October 14, 2009

Book Review - "Passing the Guard" 2nd Ed.

Okay lets get it out of the way... this will be a very biased review since Tim Cartmell, co-author of "Passing the Guard," is my teacher. And it is his unrelenting commitment to the highest standard in his teachings, and his writing / translation work, that has kept me as a student of his for going on 8 years now. This 2nd edition, fully revised and expanded (100+ more pages), once again sets a standard for BJJ / grappling based texts will have to strive for in the future.

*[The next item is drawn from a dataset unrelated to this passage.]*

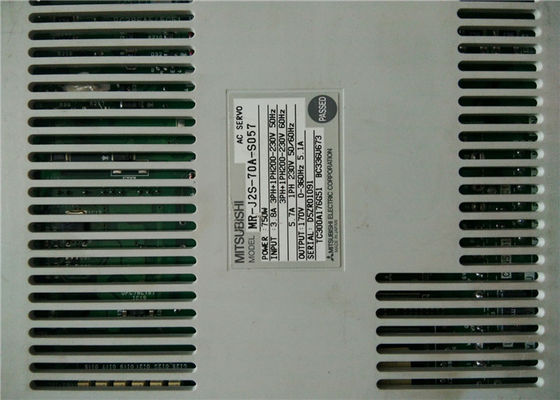 Amplificador del conductor MR-J2S-70A-S057 del motor servo de la CA de Mitsubishi Electric 750W 3Phase nuevo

Brand new glossy paper, combined with over 75% of the pictures re-shot in digital, make this a visually stunning book and the instruction crystal clear. The co-author, Ed Beneville, chose to keep some of the pictures from the first edition (just in case you were wondering why Tim had purple and brown belts in some of the pictures) for editorial reasons, but overall the quality and clarity of the pictures has improved ten fold.

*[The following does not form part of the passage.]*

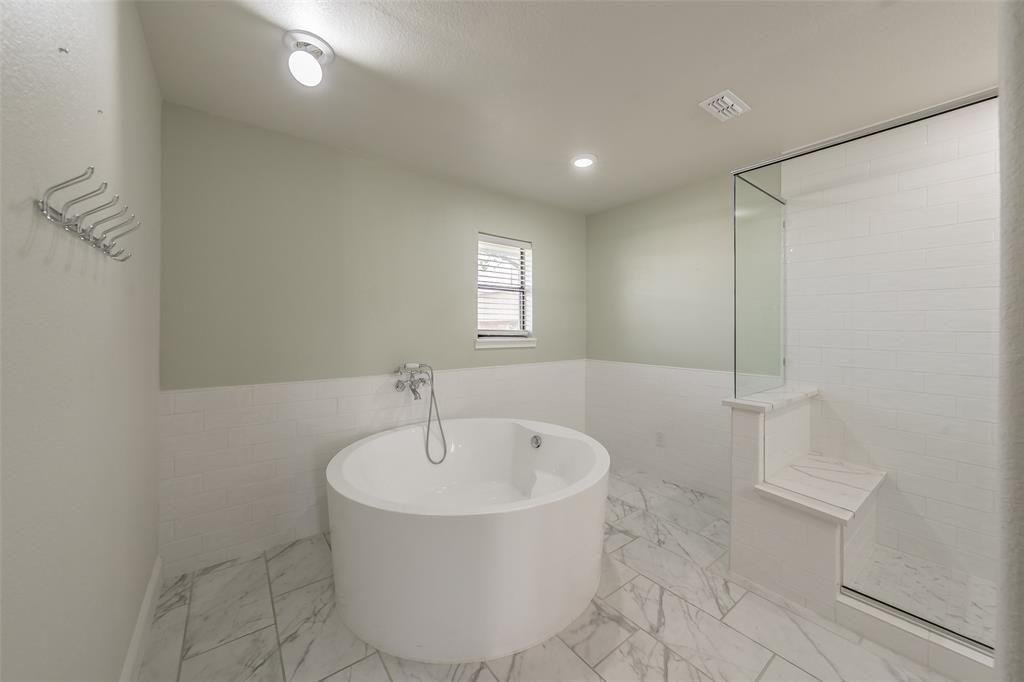 337 Travis Road Decatur, TX 76234 - Photo 19 of 32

As with the first edition the layout of "Passing the Guard" is easy on the eyes, and quite easy to follow even with the impressive amount of photographs. Where some books show 4-6 pictures with each technique often times glossing over transitional movements, here the authors have broken down and exhibit every minute detail often times over 8-15 photo's! These photographs are trumped only by the text which offers students of the grappling game great details and small hints that come from years and years of time on the mat.

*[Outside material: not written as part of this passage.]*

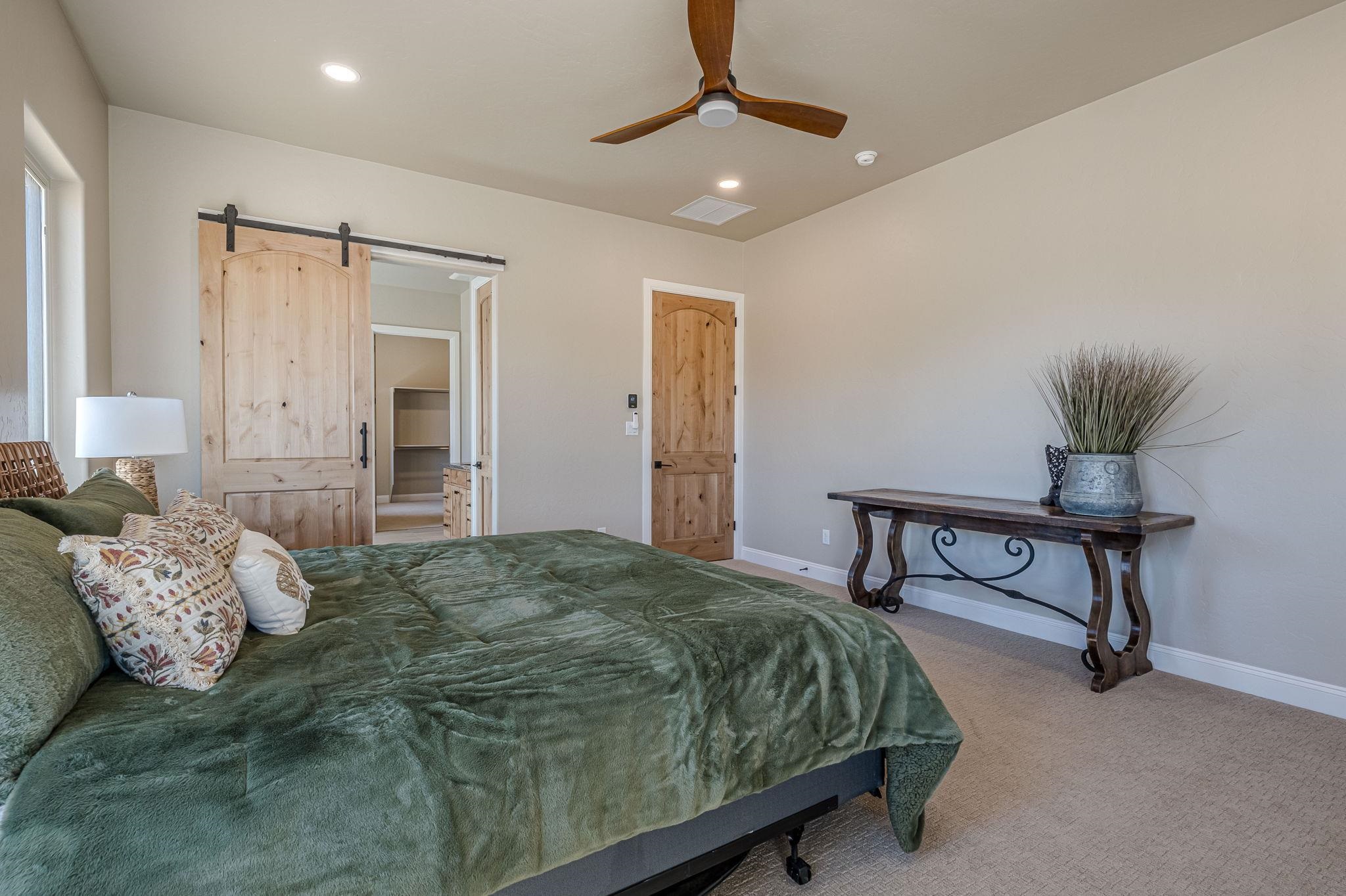 Fruita, Colorado, 81501, United States, 4 Bedrooms Bedrooms, ,3 BathroomsBathrooms,Residential,Active,2034301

Written in clear, concise language we are walked through the fundamentals of grips, balance, posture, and what exactly the guard is and why it is so important. Rigan Machado states that 80% of BJJ is working the guard, and trying to pass the guard! Coming from arguably the best grappler ever, it seems to be an important position that one should become proficient at both offensively and defensively. A great aspect of this book is that the authors showcase bad positions and what happens when you make mistakes. This is great because many instructionals tell you "not to put your hands there" but never explain WHY!?!?

Again this book is comprehensive in its scope covering all aspects of passing the guard, maintaining the guard, 1/2 guard, turtle positions, passing from the knees, standing passes, and in this new edition more focus was put on various attacks including leg attacks that are, for the most part, banned in BJJ competition but are essential to self defense situations and no gi grappling (such as the Abu Dhabi Grappling Championships). Counters to popular techniques such as the lockdown are covered, but the focus on maintaining position is the foundation that all attacks are predicated upon. The authors even state to abandon attacks if one feels they are in danger of getting swept or pulled back into the guard.

Personally knowing Tim and training under his detailed eye I must say that the best addition to this pivotal book is the chapter on drills and solo exercises. Sadly missing from most all texts on grappling, solo exercises are essential because not only do they build strength, endurance, and power but they also mimic actual techniques one would do on the mat. Reinforcement in your muscle memory will pay dividends in your grappling game. Tim came to Seattle about 1 1/2 years ago to offer a whole seminar on solo grappling drills and I must say it was one of his best seminars! Here is a peak at some of his many exercises and drills that will challenge even the most fit black belt! Rumors have been abound regarding Tim making a DVD on solo exercises for both grappling and stand up combat. Stay tuned!

What more can I say, this book is essential. To be honest all three of the Guard volumes are invaluable, and should rest on the shelves of any serious grappler. Some of the best photography I have seen in the martial publication world. Great details from qualified experts sharing their game. "Passing the Guard" is one of the best books on the BJJ media market. Buy it today and if you are not happy I will buy it back from you!